In his book About Looking, radical art critic John Berger describes how zoos ease our collective nostalgia for a period–long past–when people had essential relationships with animals through their daily work. At the zoo, we regard the living animals in their cages as dead symbols of that vanished connection, he says. It’s almost a form of mourning. “The zoo to which people go to meet animals, to observe them, to see them, is in fact, a monument to the impossibility of such encounters,” Berger writes.
I was thinking about that essay on a recent trip to Ganyard Hill Farm in southeast Durham to buy a Halloween pumpkin. It’s a seasonal ritual observed by many in the Bull City. That day, the place was crawling with urbanites of all ages in fleece jackets and fancy athletic shoes who’d come to feed the animals, milk the mechanical cow and select a pumpkin from the rows alongside the ramshackle barn.
This year, the nostalgia is sharp as a change in the weather, because the farm is moving to a new site in Fuquay-Varina after years of struggling to make ends meet. Oct. 30 marked its last day of operation. A small portion of the 60-acre Durham property will become a nature trail.

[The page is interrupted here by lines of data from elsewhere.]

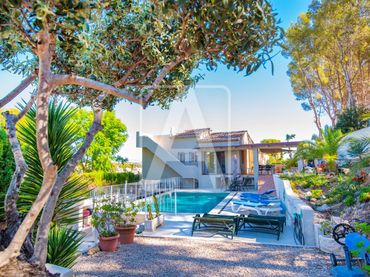 Villa con piscina in vendita a La Fustera
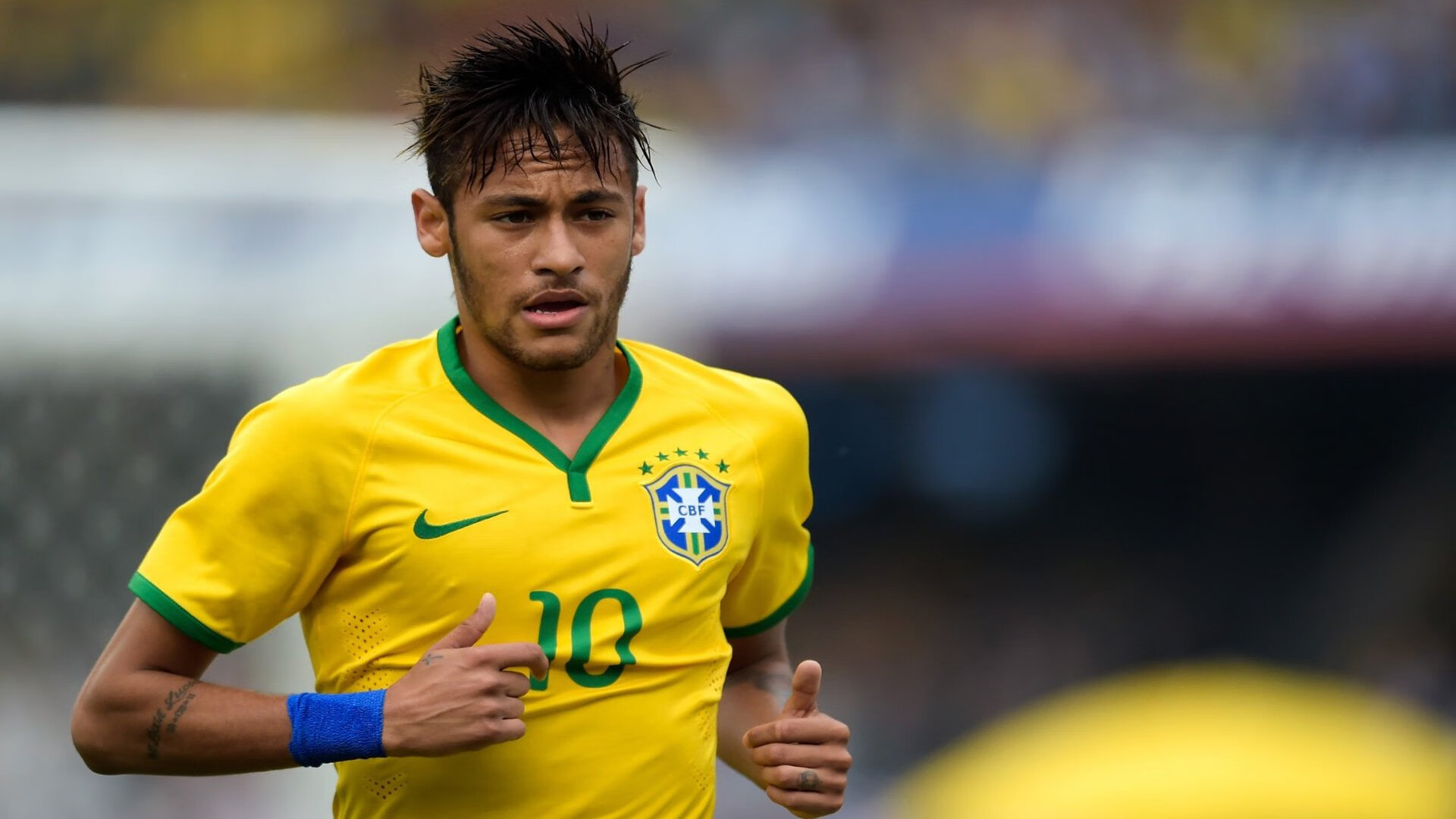 拜仁慕尼黑再度领跑德甲，争夺多项头衔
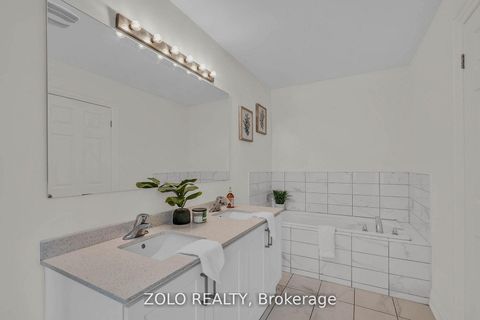 Photo 14 at 37 Prospect Way, Pringle Creek, Whitby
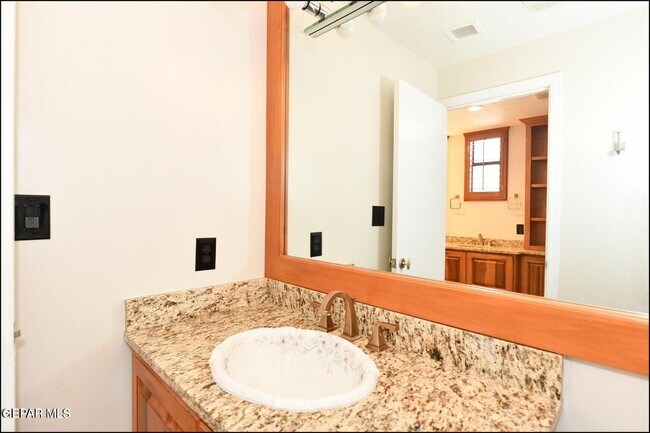 Building Photo - 5900 Mira Hermosa Dr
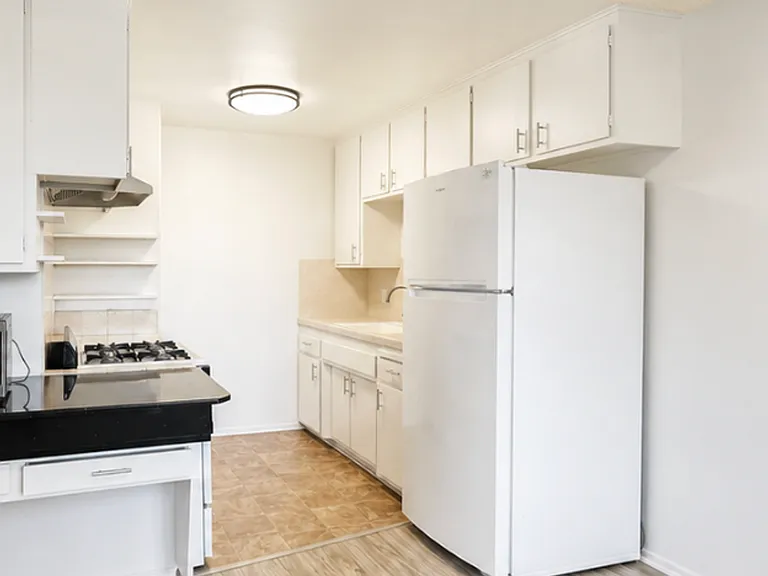 1156 Alameda Ave — Photo 4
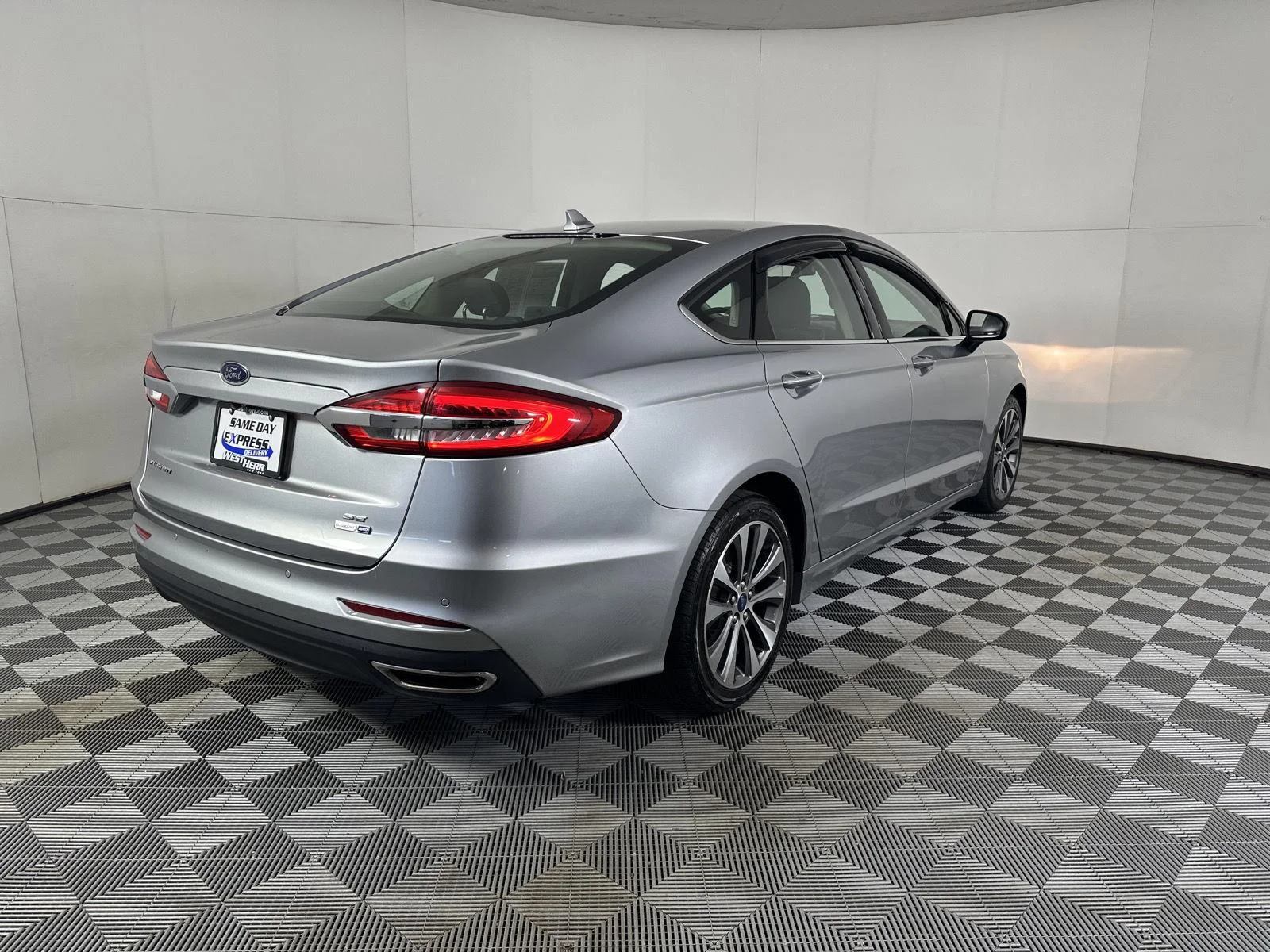 Used 2020 Iconic Silver Ford SE image 13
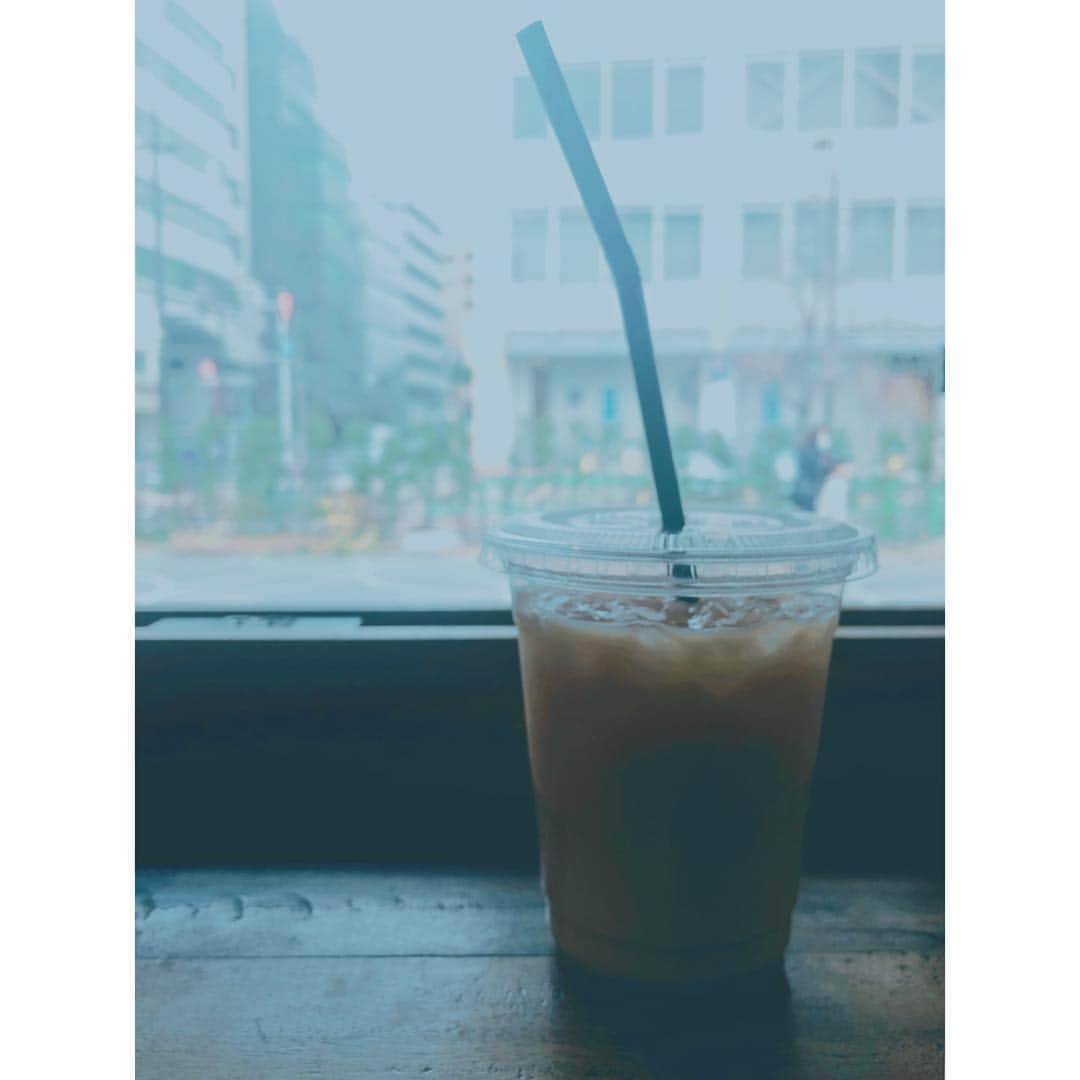 潘めぐみさんのインスタグラム写真 - (潘めぐみInstagram)「Have a break . 前の現場が早く終わってしまって . あと2時間ある‼️🤣 . ということで… . 次のスタジオの近くの . ずっと気になっていたパン屋さんに . 初めて行くことができました。 . 行きたかった場所、やりたかったことを . 日々、実現していきたいと思う、今日この頃。 . #今日の一枚 #bread #afternoon #teatime . 平日も賑わってるけど . 休日も賑わってるわぁ…。」3月16日 14時04分 - han_meg_han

The rest will fall to the development bulldozer.
The Ganyards, a couple of research scientists, fought the good fight for years, trying to maintain their small-scale growing operation in the face of varied obstacles. They battled plant viruses, hurricane damage, even a sign ordinance that discouraged roadside marketing of the 25 fruits and vegetables they used to cultivate. Finally, the same development pressures they thought they’d vanquished when they bought the former dairy farm 10 years ago grew too great, and the Ganyards sold their land.
We’ll certainly miss Ganyard Hill’s quirky charms. But was it ever really a farm? From the start, its owners leaned more toward “agri-tourism” than agriculture, setting up hayrides and picnic areas alongside their fields. The fresh produce was long gone, replaced by the cash crop of holiday pumpkins. (This year’s batch was actually trucked in from elsewhere.) As Milton Ganyard says, “People are more willing to pay for fun than food.” Besides, how much actual growing can you do when 400 schoolkids are tromping across your property every day?
The new location in Fuquay-Varina, known as Ganyard Family Farms, will feature the same mix of rides, picnic shelters and animal petting areas. It’s bigger–100 acres–and is also a former working farm, so preservation principles are being upheld.
While I wish the Ganyards well, Berger echoes in my mind when I think about our fading ties to family farms. The survival of faux farms buys us green space, but like the zoos in About Looking, they’re more about loss than a viable living.
“Everywhere animals disappear,” Berger writes. At the zoo, we go from cage to cage like visitors at an art gallery or museum. “Yet in the zoo, the view is always wrong.”